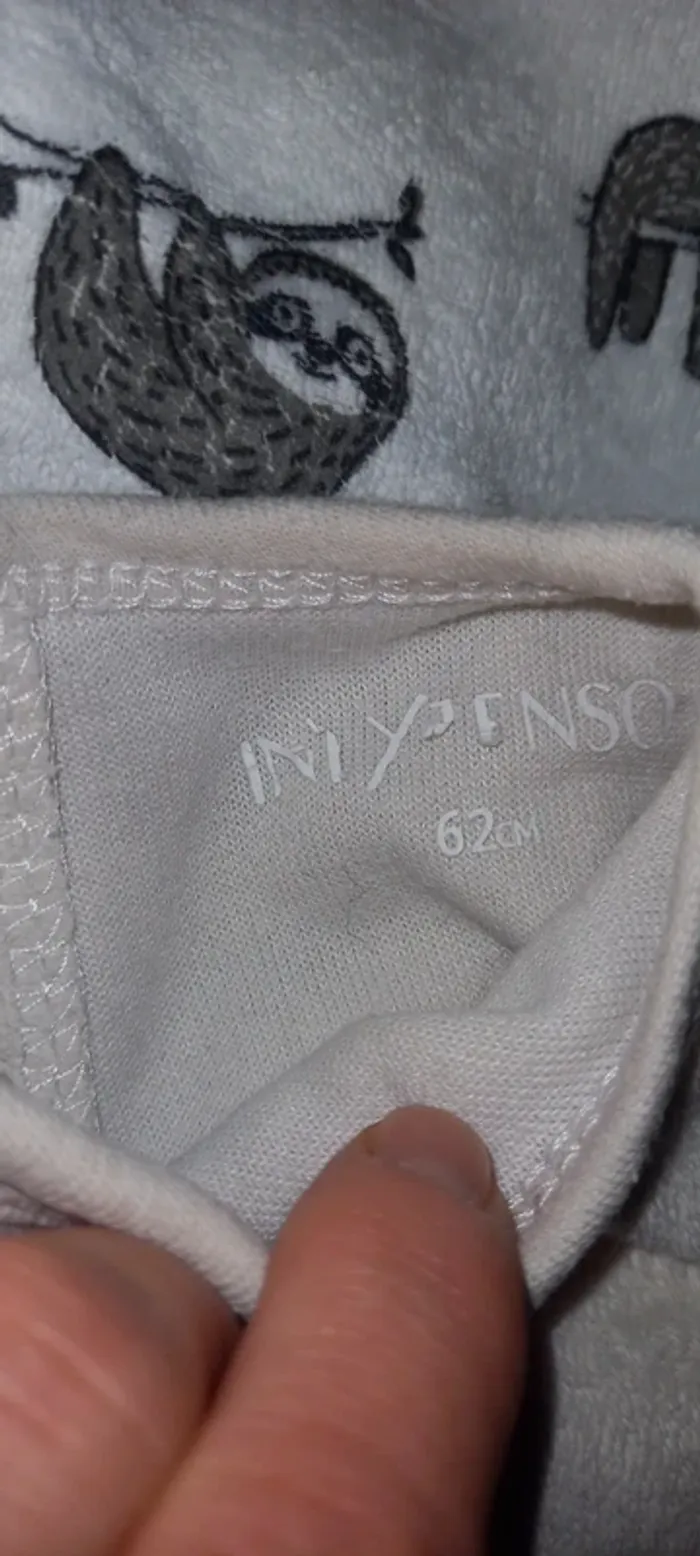 Lot de 4 pyjamas mixte - photo numéro 3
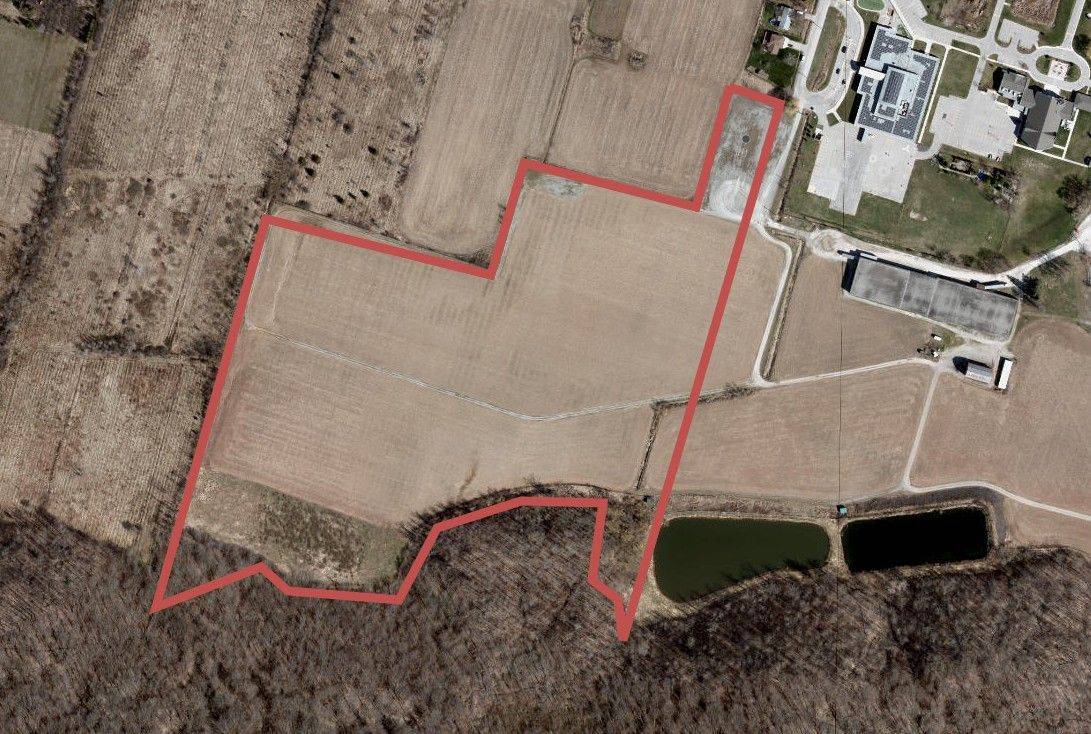 Hamilton, ON L8E 5R1,181 GLOVER RD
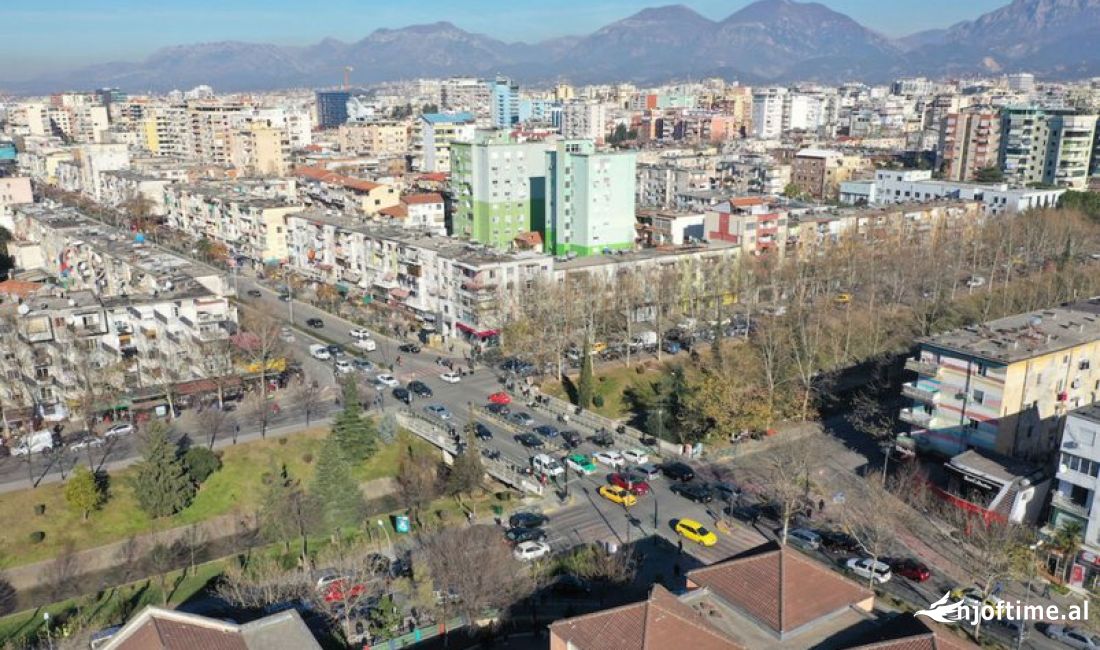 Magazine me qira – Rr. Petro Nini Luarasi (VR007)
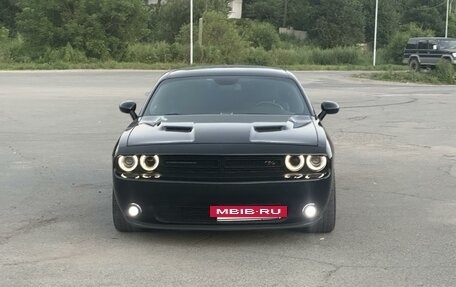 Dodge Challenger III рестайлинг 2, 2018 год, 4 500 000 рублей, 3 фотография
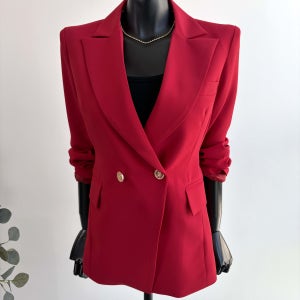 [국내생산] 허리버클 슬림핏 테일러카라 정장자켓 26S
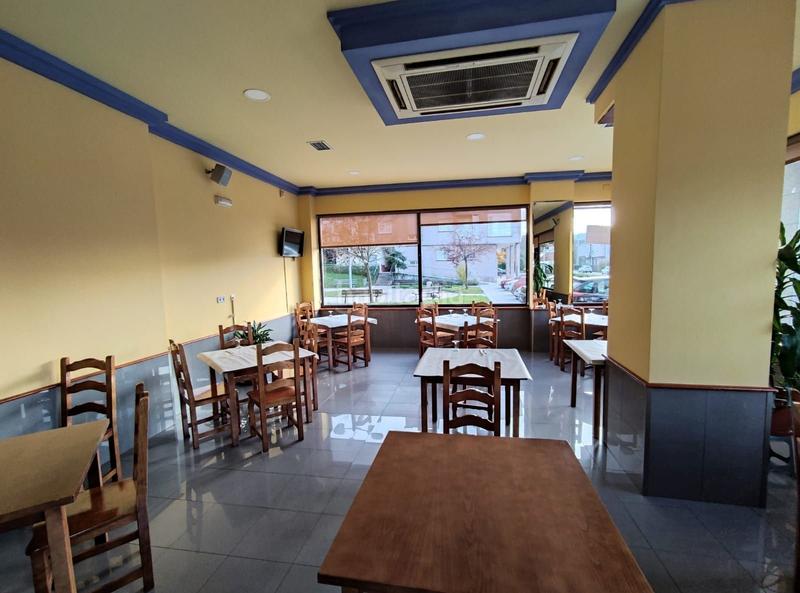 Foto 340d66c0-88d6-4fea-bb63-95f958f8b72b. Local comercial amplia y luminosa cafetería en Mariñamansa Ourense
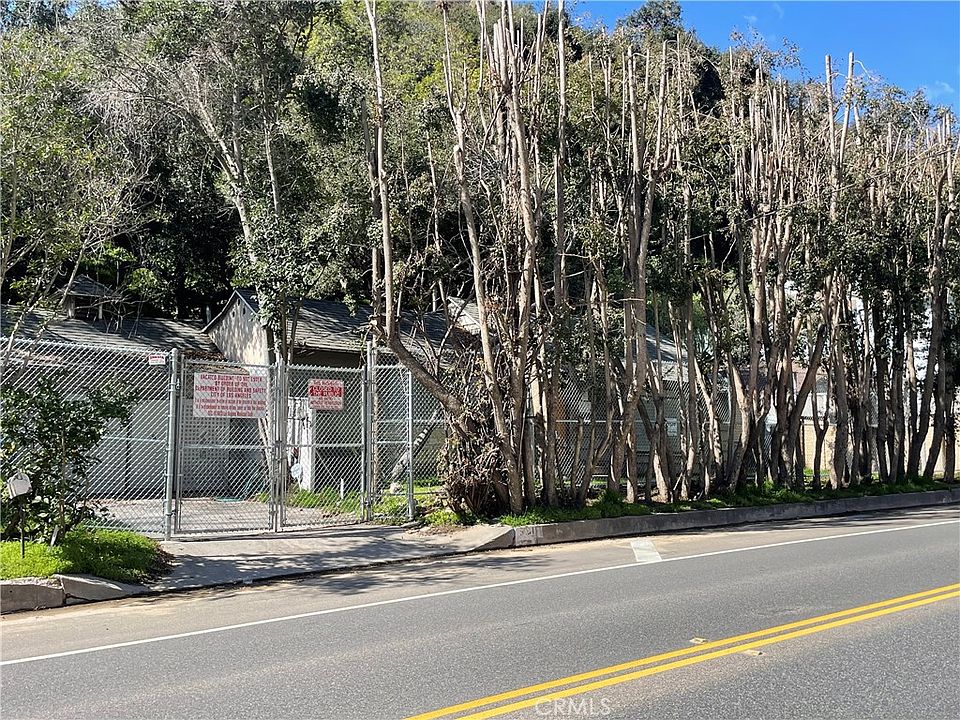 1st image of 1831 Benedict Canyon Dr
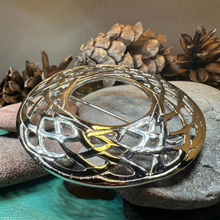 Load image into Gallery viewer, Loch Large Celtic Knot Brooch
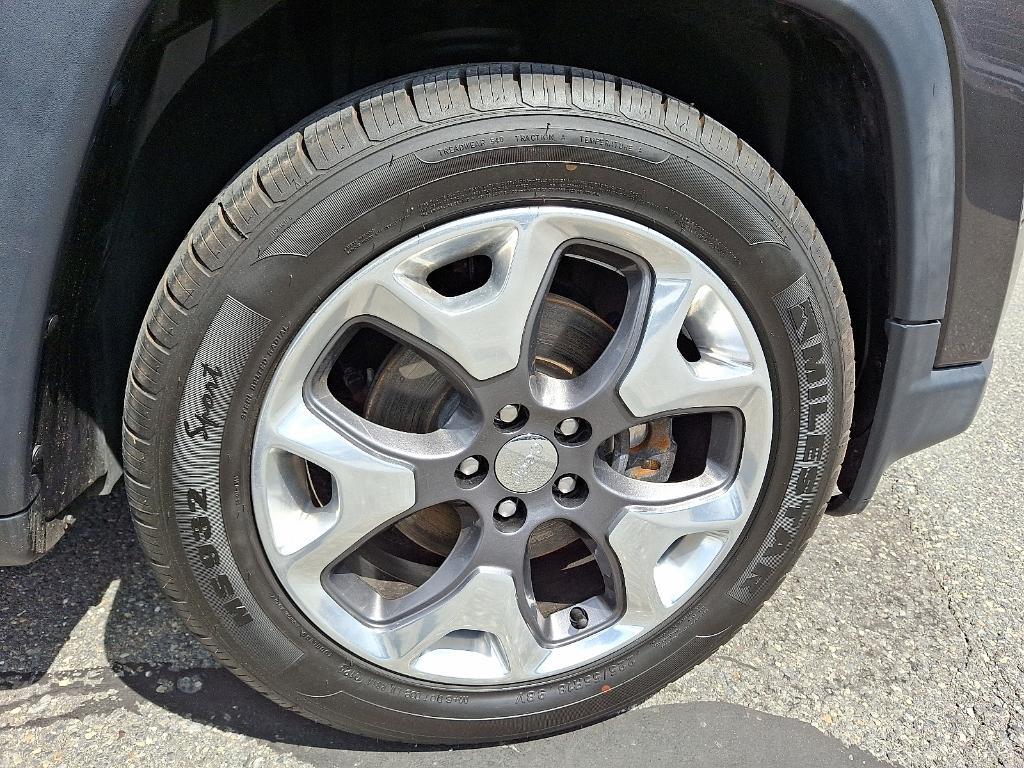 used 2020 Jeep Compass car, priced at $15,682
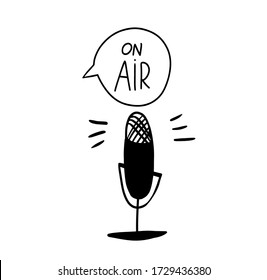 Herramienta de medios, ícono de garabato de micrófono y burbuja de voz. Dispositivo de grabación de sonido, ilustración vectorial de mano del equipo de medios. Micrófono, instalaciones de transmisión. Aislado. Podcast. Olas de radio, diseño de logotipo.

----

● **Work instructions**:
Your answer must be the records above, word for word, with every picture left out.

● **Written solution**:
 Lot de 4 pyjamas mixte - photo numéro 3
 Hamilton, ON L8E 5R1,181 GLOVER RD
 Magazine me qira – Rr. Petro Nini Luarasi (VR007)
 Dodge Challenger III рестайлинг 2, 2018 год, 4 500 000 рублей, 3 фотография
 [국내생산] 허리버클 슬림핏 테일러카라 정장자켓 26S
 Foto 340d66c0-88d6-4fea-bb63-95f958f8b72b. Local comercial amplia y luminosa cafetería en Mariñamansa Ourense
 1st image of 1831 Benedict Canyon Dr
 Load image into Gallery viewer, Loch Large Celtic Knot Brooch
 used 2020 Jeep Compass car, priced at $15,682
 Herramienta de medios, ícono de garabato de micrófono y burbuja de voz. Dispositivo de grabación de sonido, ilustración vectorial de mano del equipo de medios. Micrófono, instalaciones de transmisión. Aislado. Podcast. Olas de radio, diseño de logotipo.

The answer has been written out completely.